Program Helps Stylists Identify Domestic Violence, Refer Clients to Resources

Training seminar trains hairdressers to recognize signs of domestic violence.

By MARTY MORRISON

Date published: 11/14/2003

AIR STYLIST C. J. Jerman feels a special bond with the clients who depend on her to shape a chic wedge cut or set a perm.

"We know when there's a wedding, a birth or death. We see their children grow up," said Jerman as she guided the finishing brush strokes through the hair of client Dale Willis of Stafford County. "Often, we hear more than a therapist."

That's why she's encouraging the other stylists in her Stafford County shop, Hair, Wigs & Tan, to attend a training seminar aimed at curbing domestic violence.

"Hairdressers can make a difference," Jerman said. "We are the last hands-on industry. We touch people in a way that only the doctor does anymore. Outside of the spouse and loved ones, no one gets that close."

That's a sentiment shared by Virginia Attorney General Jerry Kilgore, whose office has set up the regional sessions called "Cut Out Domestic Violence."

The local session will be held Monday at the Rappahannock Council on Domestic Violence office in south Stafford. It's one of nine workshops under way throughout the state. The National Cosmetology Association has adopted a similar effort through Salons Against Domestic Abuse.

Nancy Fowler, executive director of the Rappahannock Council, will conduct the two-hour session that gives hair and nail stylists information on how to recognize abuse. They get advice on how to talk to clients and refer them to resources that can help them.

Salon professionals aren't expected to double as domestic violence police, Fowler said. There's no mandatory reporting and neither are they encouraged to offer advice.

"Hairdressers have a unique opportunity to hear intimate details of a person's life," she said. "They may see bruises and make a connection. We're trying increase their awareness and comfort level so they can refer them to people who can help them." Informational pamphlets will be placed in participating salons to offer resources.

Domestic abuse hits close to home for Jerman.

Her sister suffered spousal abuse, she said.

It's also a subject that's important to Jerman's associates.

Crystal Roberts, a stylist there for two years, said her mother had an abusive husband. Her co- worker, Travis Corker, said his mother also had an abusive husband.

"My childhood was healthy and normal," he said, "It's not healthy for a lot of people."

The subject resonates with Jerman's client, Willis, who heard about the awareness class that day. The Stafford County mother of four said she wished that she had known someone who could have guided her years ago.

It's been two decades since she endured physical and emotional abuse at the hands of her first husband. She's been happily married to her second husband now for 18 years.

But the emotional scars still surface occasionally. She was married at 16, a mother of four children by time she turned 21.

Looking back, she's finds it hard to believe the level of abuse she withstood at the hands of her first husband.

"He put knots on my head, but refused to take me to the hospital because he was afraid they'd ask questions," she said. "You feel so trapped. He kept telling me 'who would want you?' He said he didn't want me, but he didn't want anyone else to have me either. I still have low self-esteem because of that time."

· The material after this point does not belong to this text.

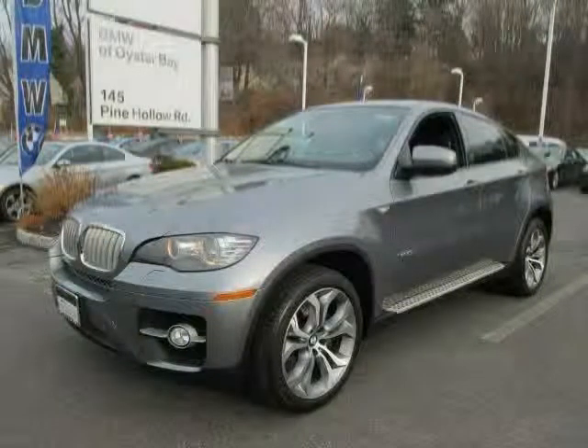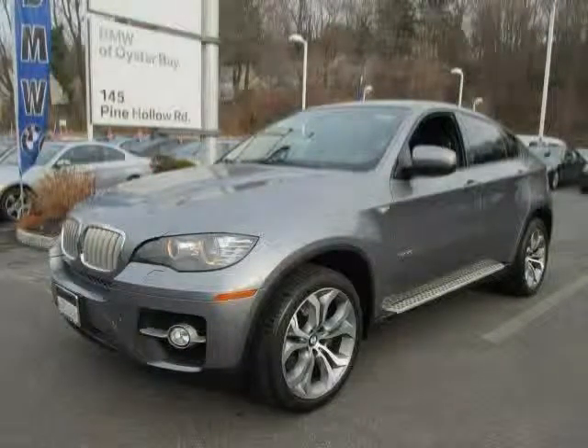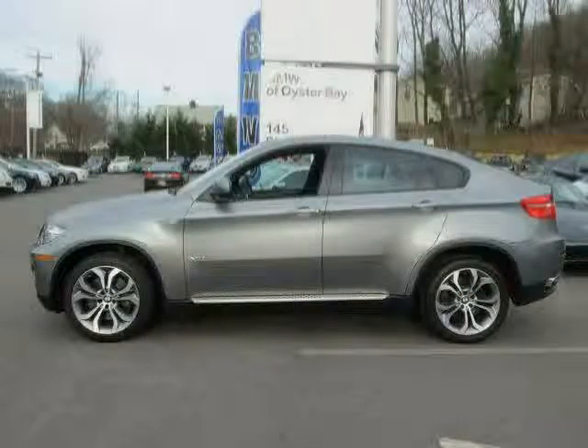This 2011 BMW X6 is equipped with chrome exhaust tips in a dual rectangular shape, featured on the X6 xDrive50i and Active X6.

Willis said she left when she realized the abuse could affect her children.

"I felt like I had let it happen, that I wasn't strong enough," she said. "That changes when you think it could happen to your children. I wanted more for them."

Willis said she was lucky that her parents took her in while she got on her feet. She knows other abused spouses aren't so lucky.

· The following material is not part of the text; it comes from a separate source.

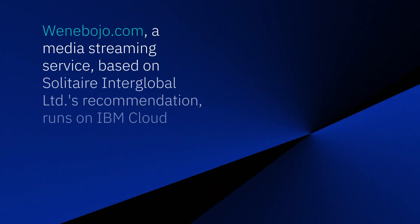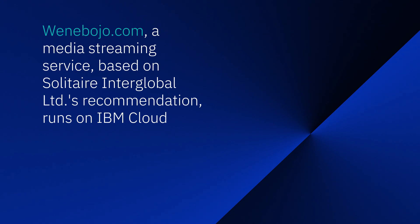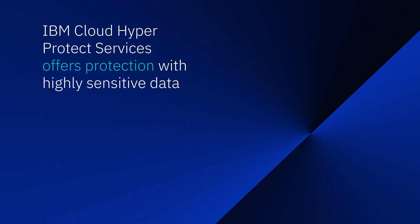We have to protect our own intellectual property, all of our user data, and all of our authors' intellectual property with their stories that we need to protect. And IBM HyperProtect offers us that and succeeds — it actually does what it says it's going to do.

She applauds a program that encourages professionals to provide a sympathetic ear and gives abuse victims resources that can direct them to help.

Willis' story, shared while sitting in her hairdresser's chair, reinforced Jerman's conviction to help victims of domestic violence any way she can. "I feel that if that training helps me save one woman, if it helps her find self-esteem and a way out, then the time spent is well worth it."